Particle contamination of extreme ultraviolet (EUV) photomasks is one of the numerous challenges in nanoscale semiconductor fabrication, since it can lead to systematic device failures when disturbing patterns are projected repeatedly onto wafers during EUV exposure. Understanding adhesion of particle contamination is key in devising a strategy for cleaning of photomasks. In this work, particle contamination is treated as a particle‐plane problem in which surface roughness and the interacting materials have major influences. For this purpose, vacuum atomic force microscopy (AFM) contact measurements to quantify the van der Waals (vdW) forces between tip and sample are performed.
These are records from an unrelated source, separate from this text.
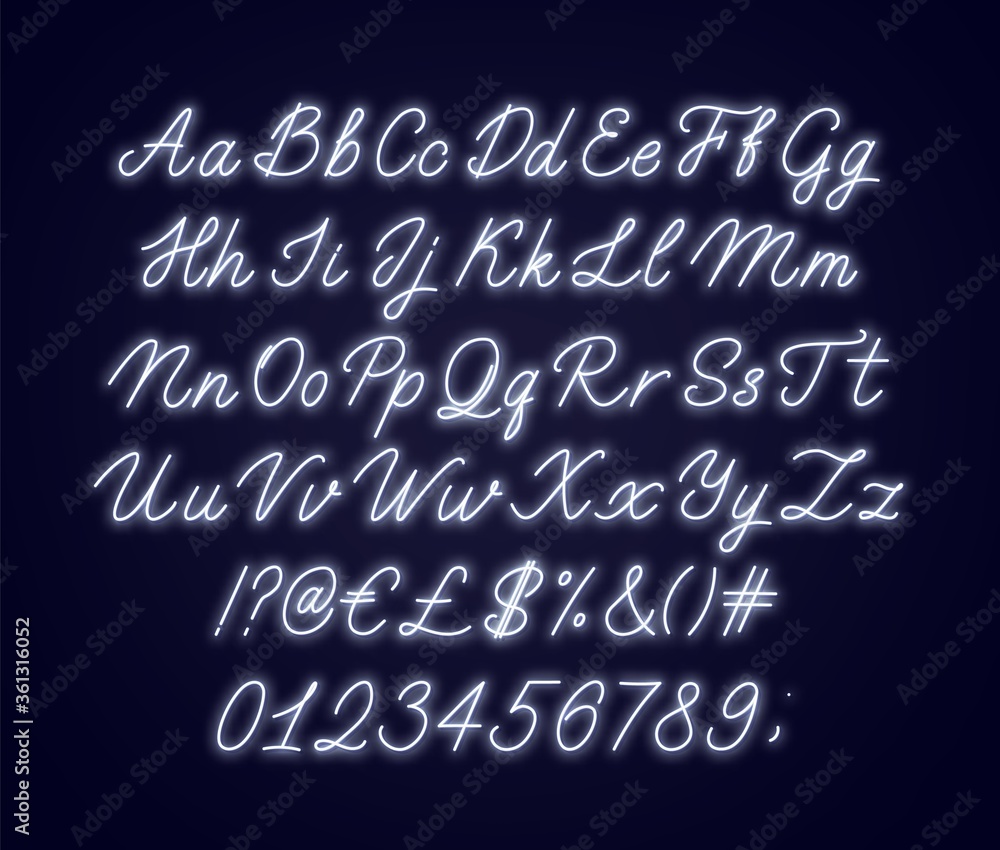 Neon white script alphabet. Glowing cursive font with letters, numbers and special characters on a dark background. Neon white script alphabet. Glowing cursive font with letters, numbers and special characters on a dark background.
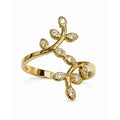 ANILLO HOJITAS CRISTAL GOLD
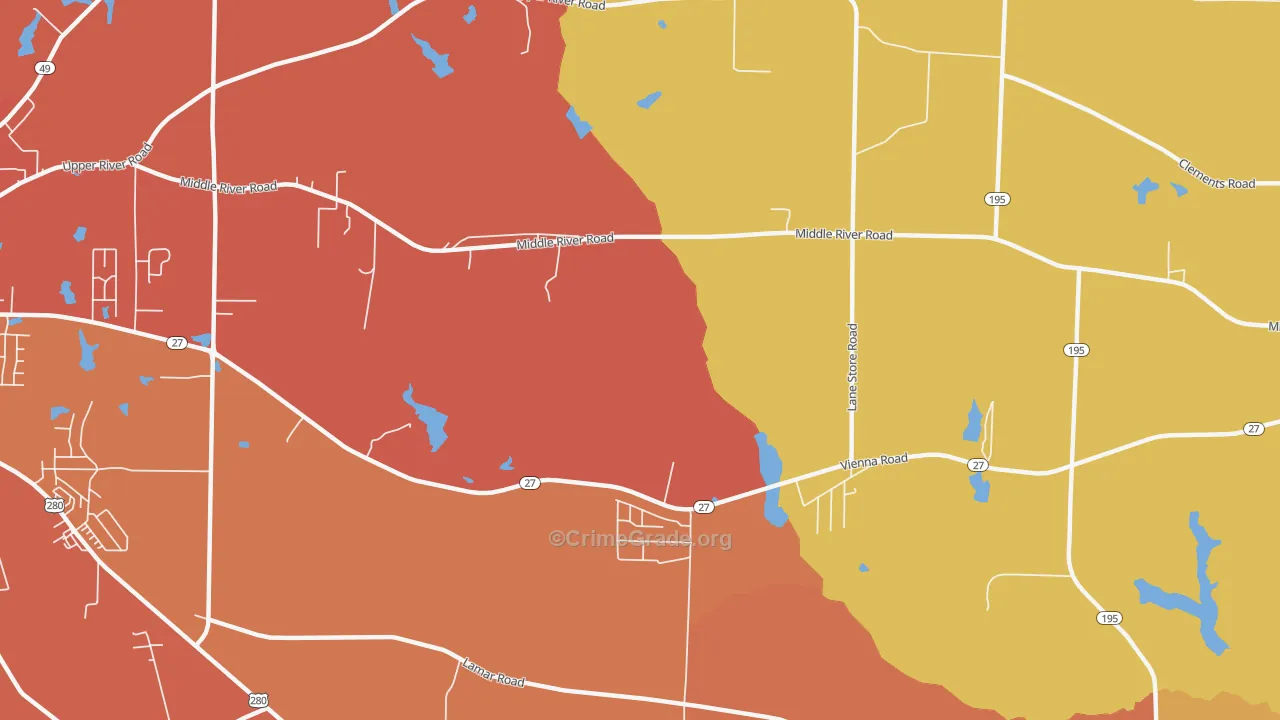 Friendship, GA Map of Burglary Rates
This as a vacuum AFM‐based methodology that combines numerical Hamaker theory and blind tip reconstruction is introduced. The Hamaker constants of 15 × 10−20 J and 13 × 10−20 J for the material systems of a silicon (Si) tip with both aluminum oxide (Al2O3) and native silicon dioxide (SiO2) on Si substrates, respectively have been determined. These methodology allows an alternative, quick and low‐cost approach to characterize the Hamaker constant within the right order of magnitude for any material combination. This paper presents an alternative methodology for van der Waals force prediction of particles with any body‐shape and surface roughness. It is optimized for AFM measurements and combines numerical Hamaker theory with blind tip reconstruction. The quantification of interacting forces can lead to more efficient contamination particle removal, especially for EUV photomask cleaning in the semiconductor industry.